*** SUPPLIED ENTRIES ***

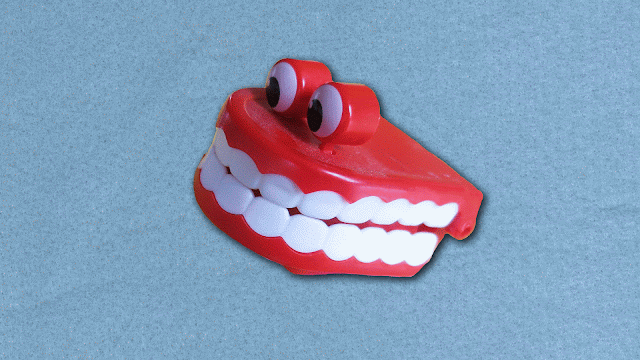 Chomping-Teeth-Animation.gif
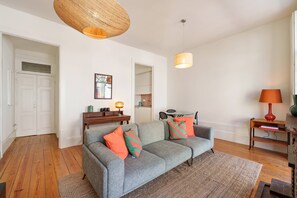 TV - VIVA Cedofeita Serviced Apartments 2 (Porto)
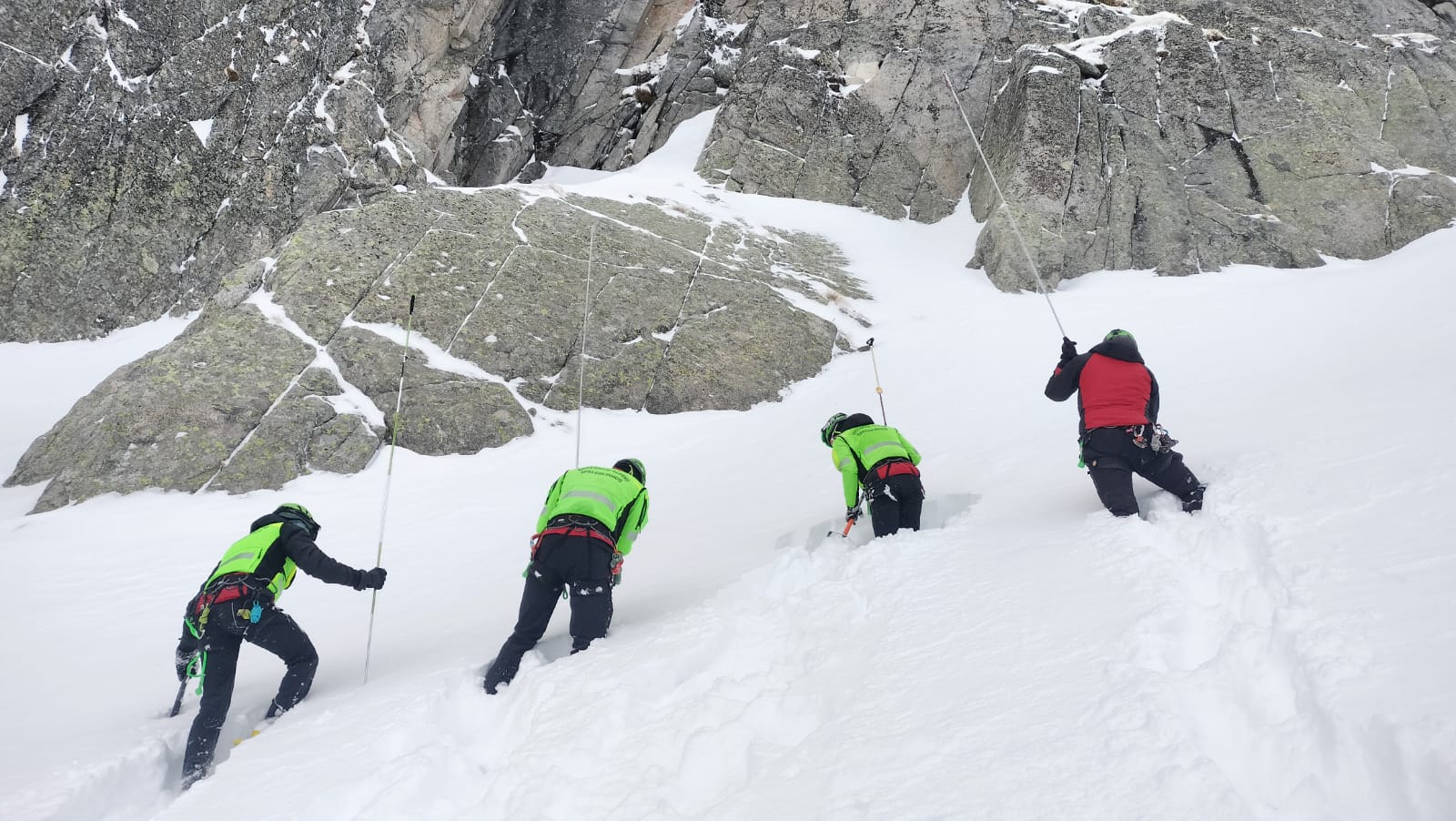 mountain missing climber found dead on gran zebru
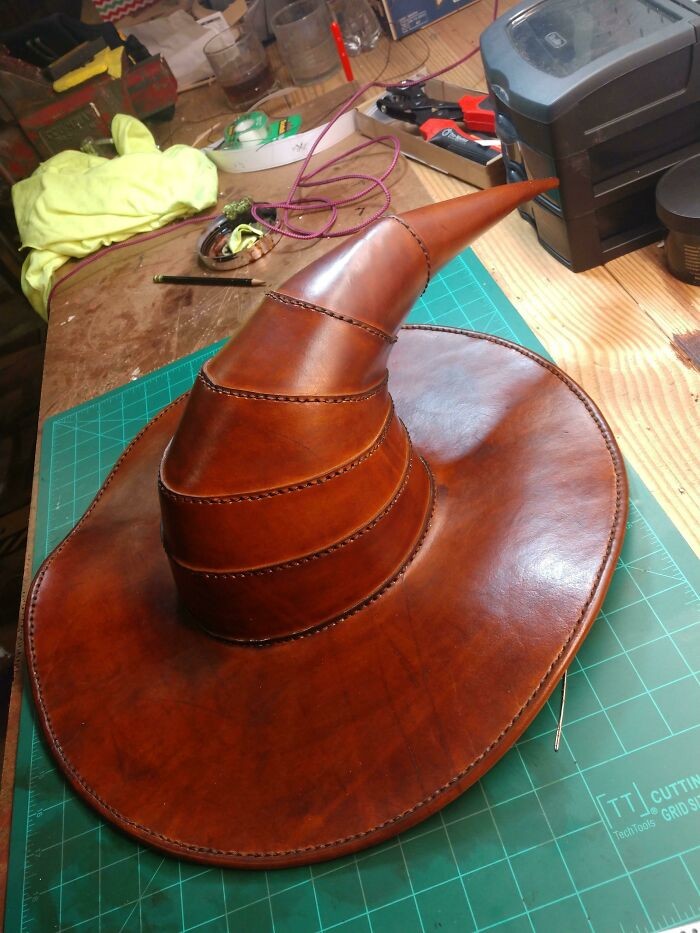 Awesome Leather Crafts (29 pics)
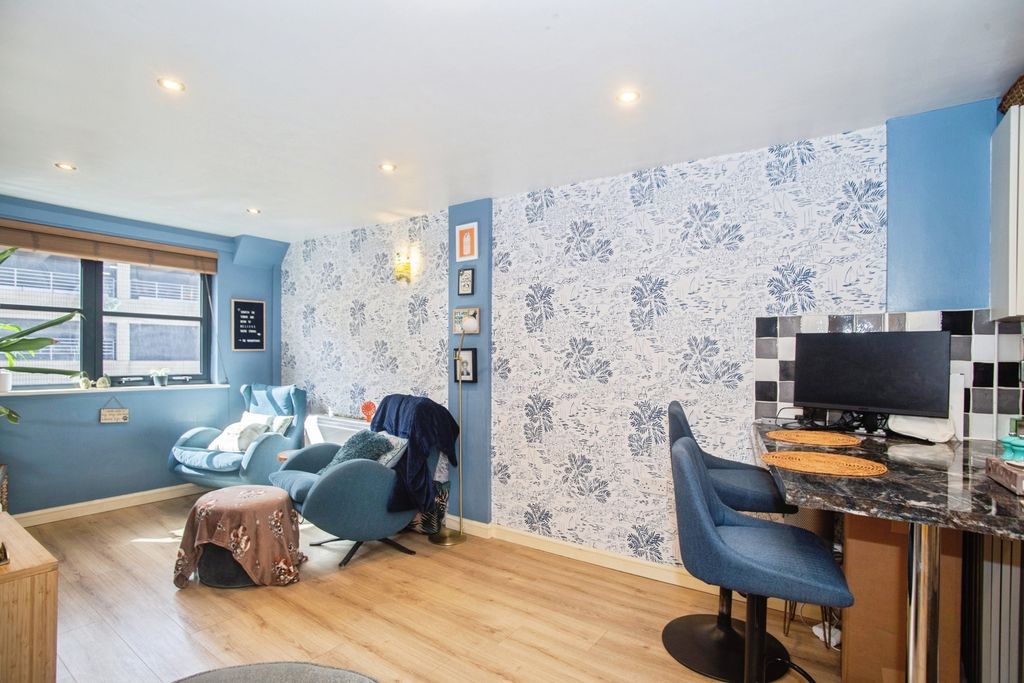 Property photo 2 of 17 Pbox-Img.Jpg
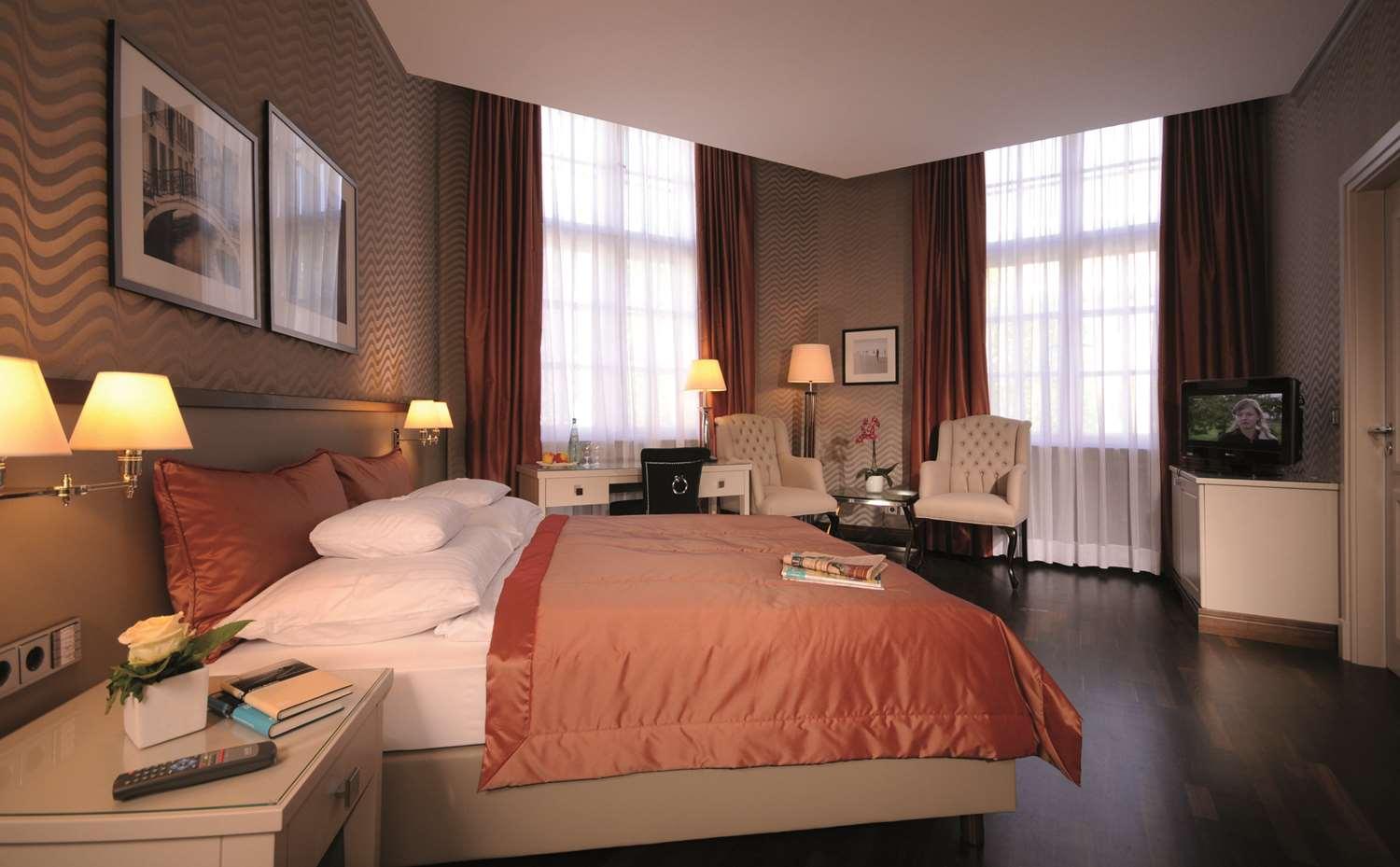 เบสต์ เวสเทิร์น พลัส โฮเต็ล ชตัทปาแล Hotel บราวน์ชไวก์ ภายนอก รูปภาพ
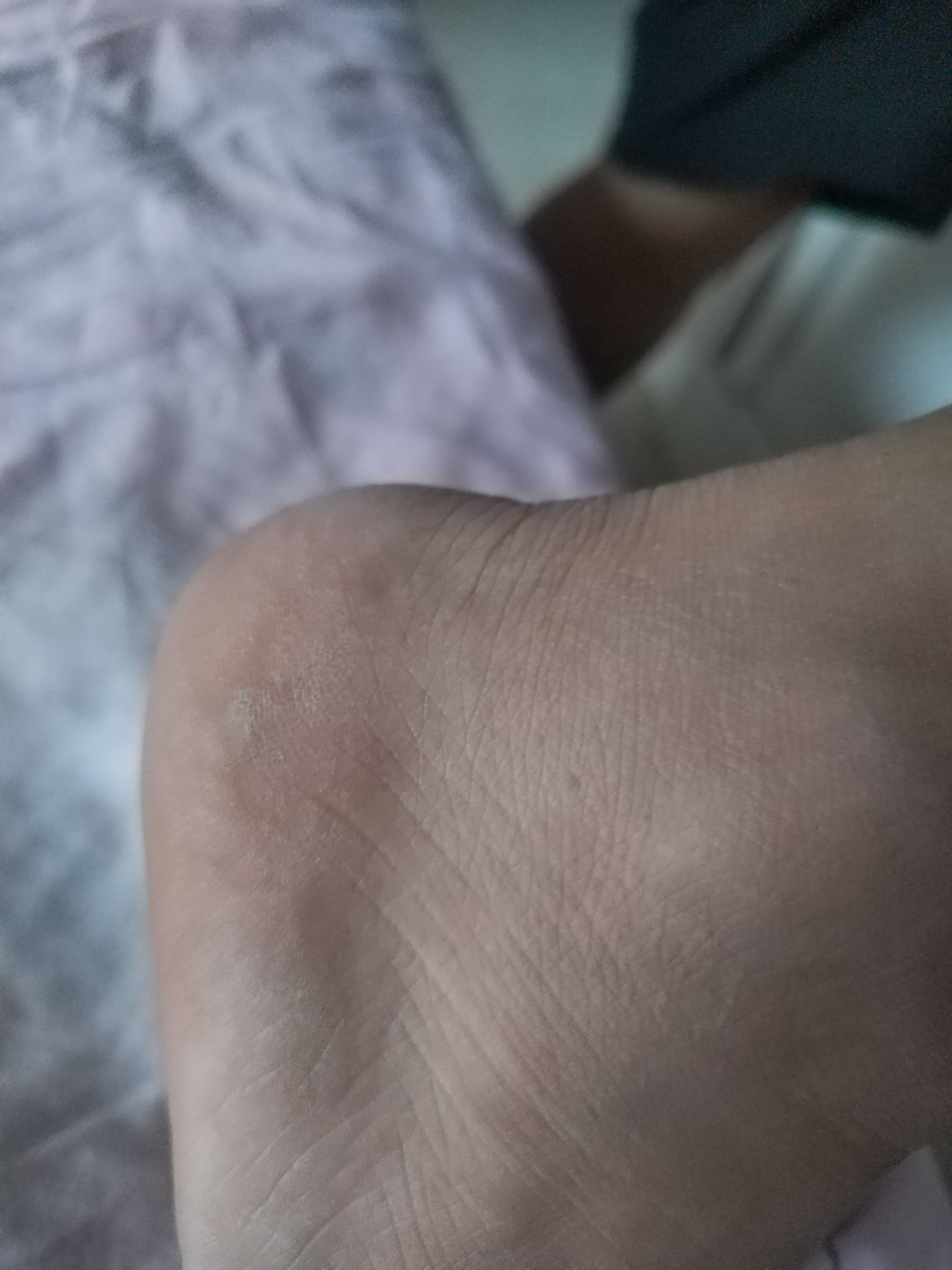 特步（XTEP）洞洞鞋男士夏季拖鞋子男款外穿情侣运动凉鞋男 A457 麦卡其 40-41 实拍图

***

* **WORK REQUIRED**: Please write out every entry exactly, but skip the pictures.

* **ANSWER TO THE EXERCISE**:
 Chomping-Teeth-Animation.gif
 TV - VIVA Cedofeita Serviced Apartments 2 (Porto)
 mountain missing climber found dead on gran zebru
 Awesome Leather Crafts (29 pics)
 Property photo 2 of 17 Pbox-Img.Jpg
 เบสต์ เวสเทิร์น พลัส โฮเต็ล ชตัทปาแล Hotel บราวน์ชไวก์ ภายนอก รูปภาพ
 特步（XTEP）洞洞鞋男士夏季拖鞋子男款外穿情侣运动凉鞋男 A457 麦卡其 40-41 实拍图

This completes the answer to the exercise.